EXERCISE DESCRIPTION
Every record is to be copied unchanged, except that its pictures are removed.

^^^^

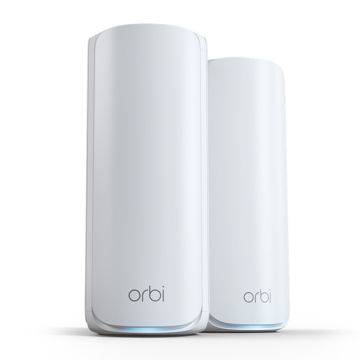 NETGEAR Orbi 770-serien med tre band för WiFi 7-meshnätverkssystem (RBE772) - Wifi-7 Router BE11000 (RBE772)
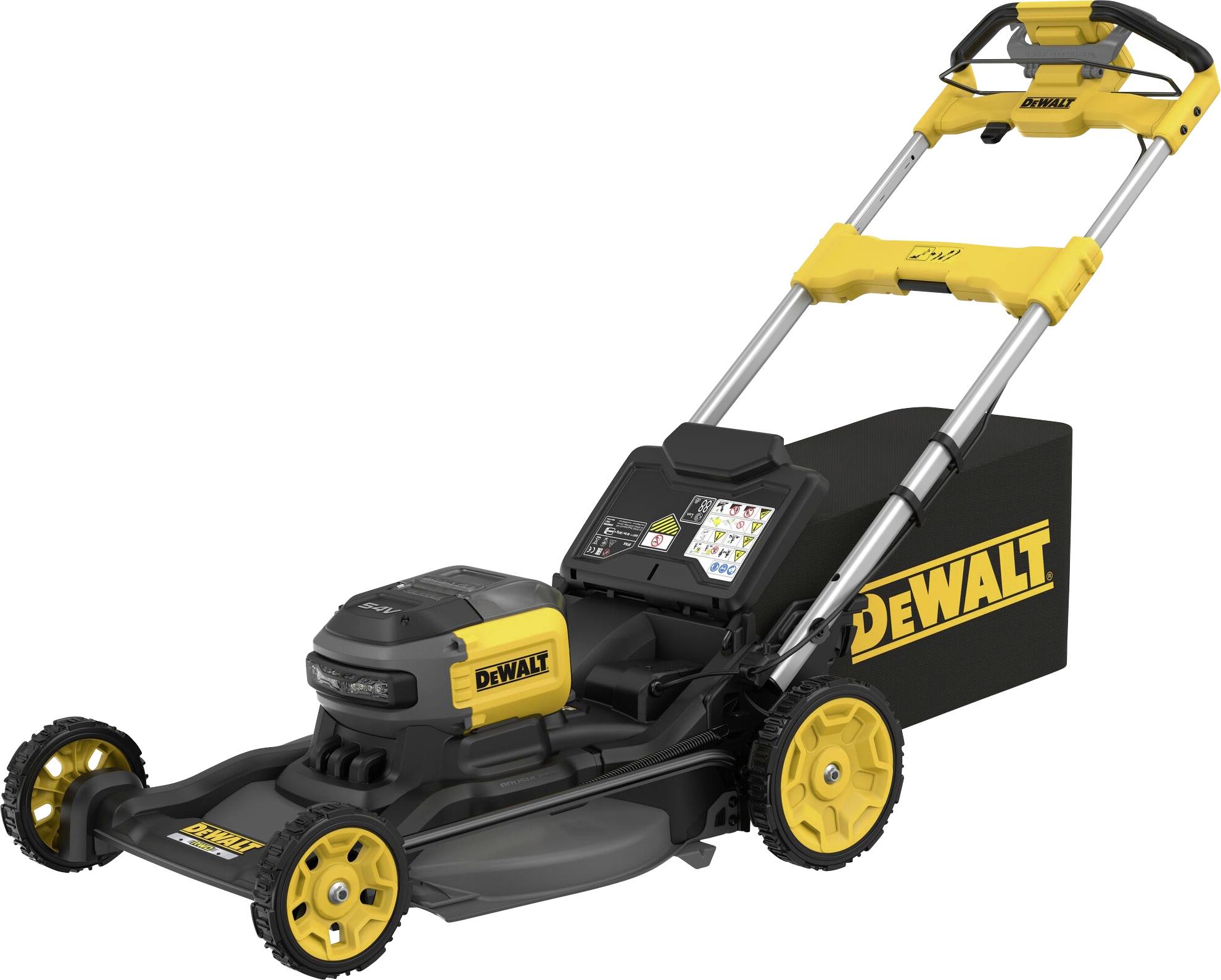 DEWALT DCMWSP660N-XJ akumulatorowy Akumulatorowa kosiarka do trawy bez akumulatora, Bez ładowarki Maksymalna szerokość c - obrazek 1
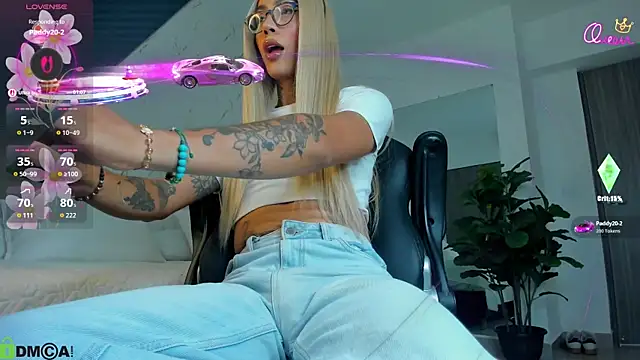 miss_tatiana_ (T young) - GREAT CUMSHOT AND DILDO RIDE //GOAL//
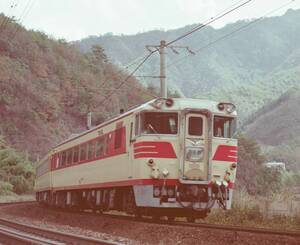 思い出の国鉄車輛　　山陽本線特急かもめ　　1001-17-2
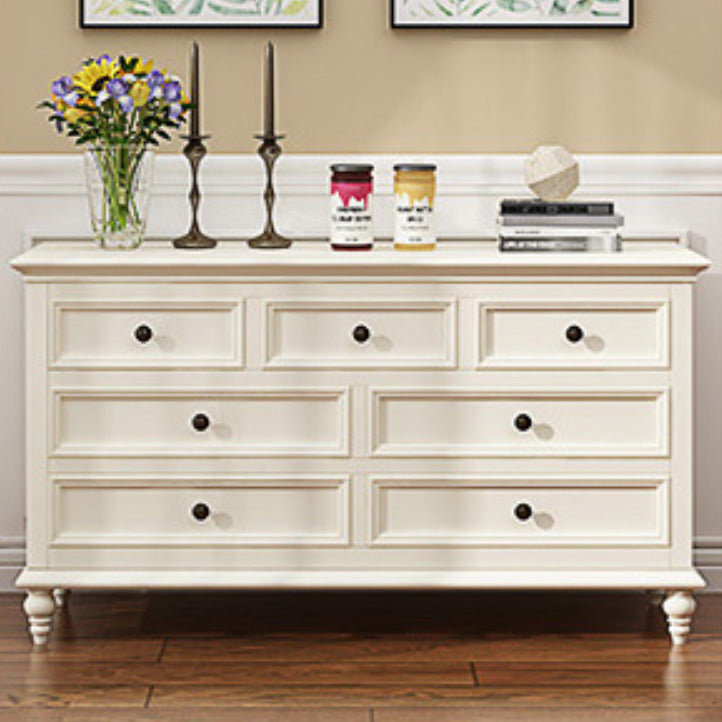 American traditionnel lingerie poitrine Birch rangement commode coffre pour chambre à coucher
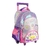 Mochila Escolar Con Carro Footy Rainbow 18 Pulgadas - Maple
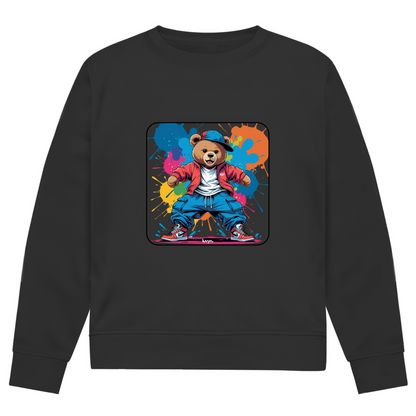 Herren Premium Bio Sweatshirt Baggybear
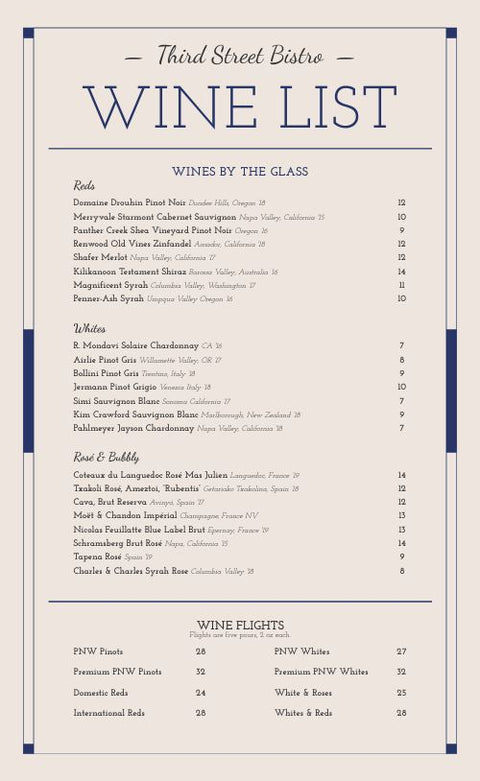 How to Navigate Wine Lists Without Looking Like a Complete Muppet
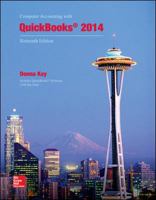 Computer Accounting with QuickBooks 2014 0078025702 Book Cover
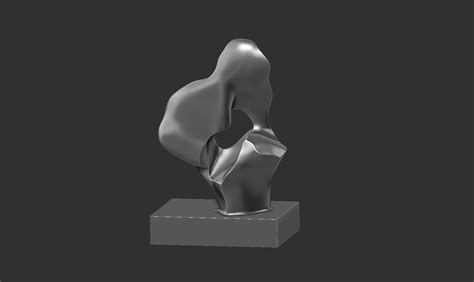 conceptual sculpture 01 | CGTrader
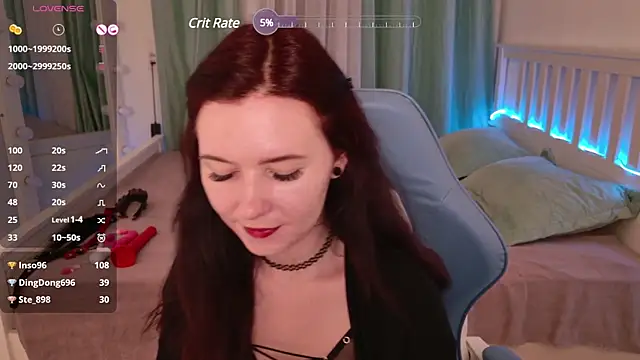 Snapshot of LissMoon chatting on 02-25-25, 03:09 LissMoon online show from 02-25-25, 03:09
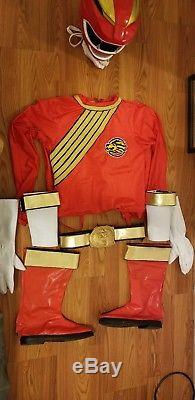 Power ranger wild force costume cosplay aka gaoranger
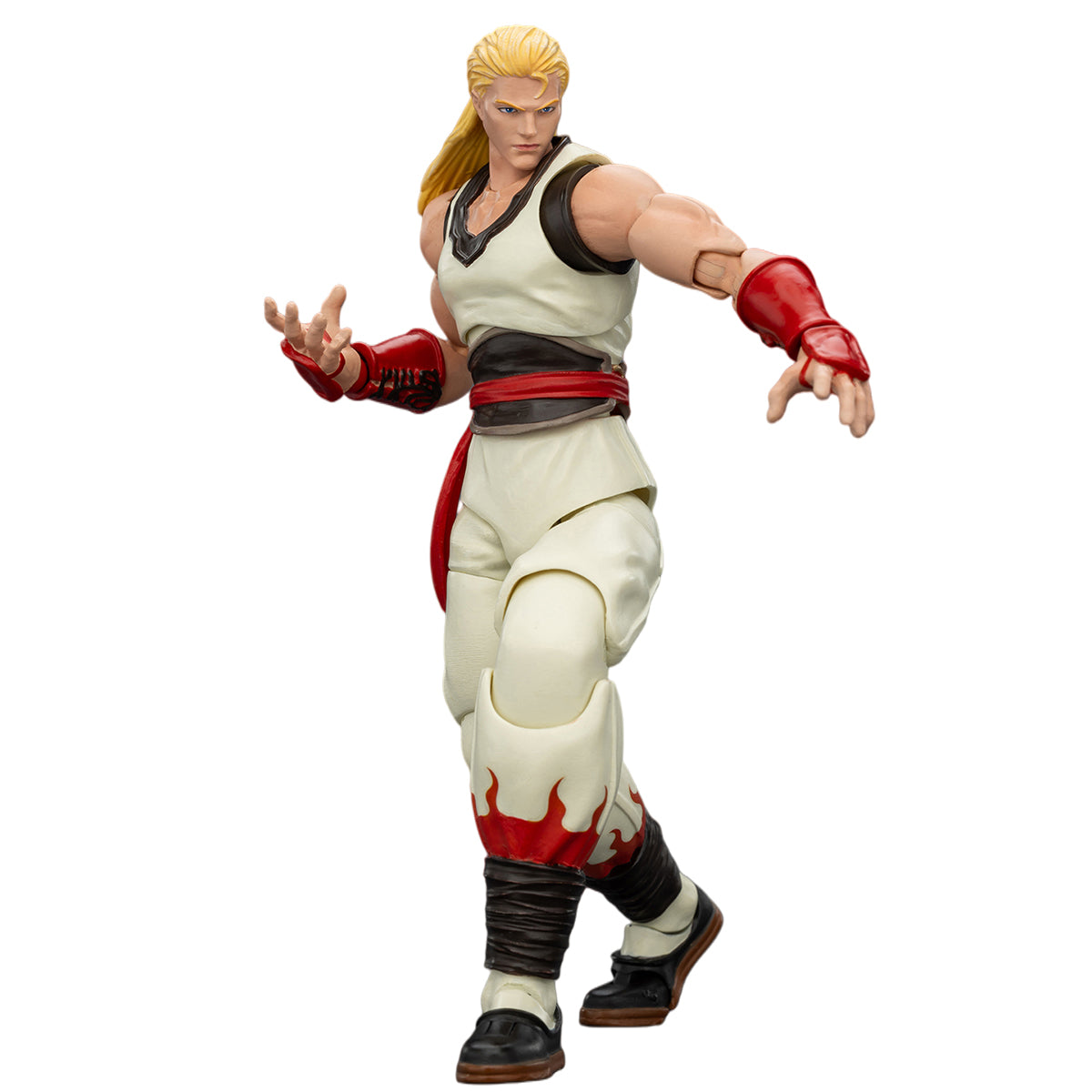 JOYTOY KOF '98UM Fatal Fury Team Joe Higashi & Andy Bogard & Terry Bogard 1/18 Scale Action Figure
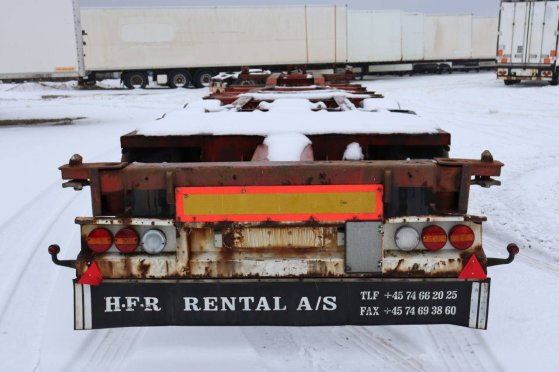 Container chassis HFR 40000kg 2005 HFR 2005 2 image 6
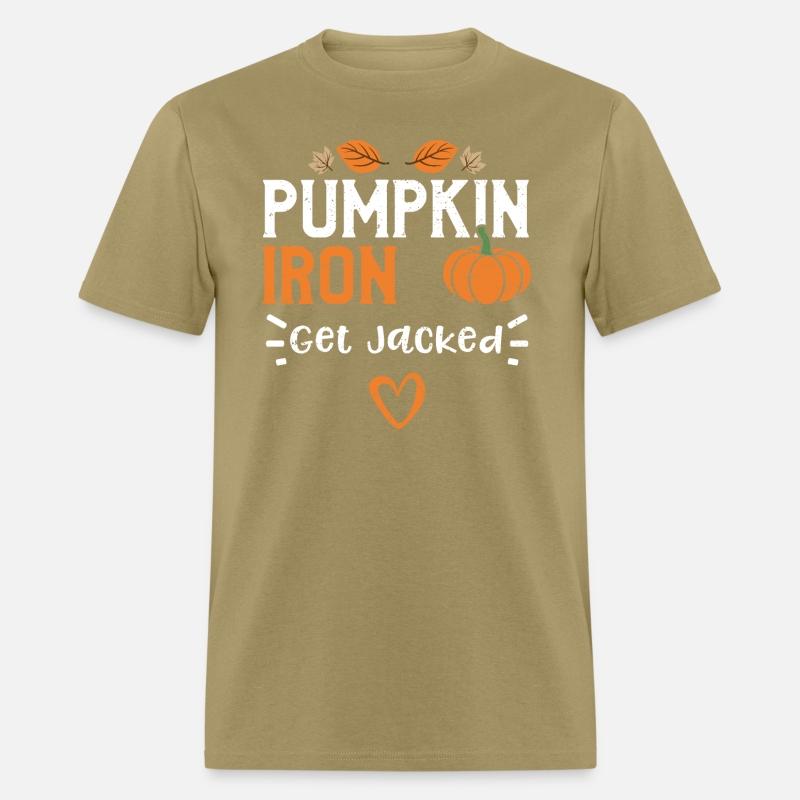 Pumpkin Iron Get Jacked - Pumpkin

^^^^

TASK SOLUTION
 NETGEAR Orbi 770-serien med tre band för WiFi 7-meshnätverkssystem (RBE772) - Wifi-7 Router BE11000 (RBE772)
 DEWALT DCMWSP660N-XJ akumulatorowy Akumulatorowa kosiarka do trawy bez akumulatora, Bez ładowarki Maksymalna szerokość c - obrazek 1
 miss_tatiana_ (T young) - GREAT CUMSHOT AND DILDO RIDE //GOAL//
 思い出の国鉄車輛　　山陽本線特急かもめ　　1001-17-2
 American traditionnel lingerie poitrine Birch rangement commode coffre pour chambre à coucher
 Mochila Escolar Con Carro Footy Rainbow 18 Pulgadas - Maple
 Herren Premium Bio Sweatshirt Baggybear
 How to Navigate Wine Lists Without Looking Like a Complete Muppet
 Computer Accounting with QuickBooks 2014 0078025702 Book Cover
 conceptual sculpture 01 | CGTrader
 Snapshot of LissMoon chatting on 02-25-25, 03:09 LissMoon online show from 02-25-25, 03:09
 Power ranger wild force costume cosplay aka gaoranger
 JOYTOY KOF '98UM Fatal Fury Team Joe Higashi & Andy Bogard & Terry Bogard 1/18 Scale Action Figure
 Container chassis HFR 40000kg 2005 HFR 2005 2 image 6
 Pumpkin Iron Get Jacked - Pumpkin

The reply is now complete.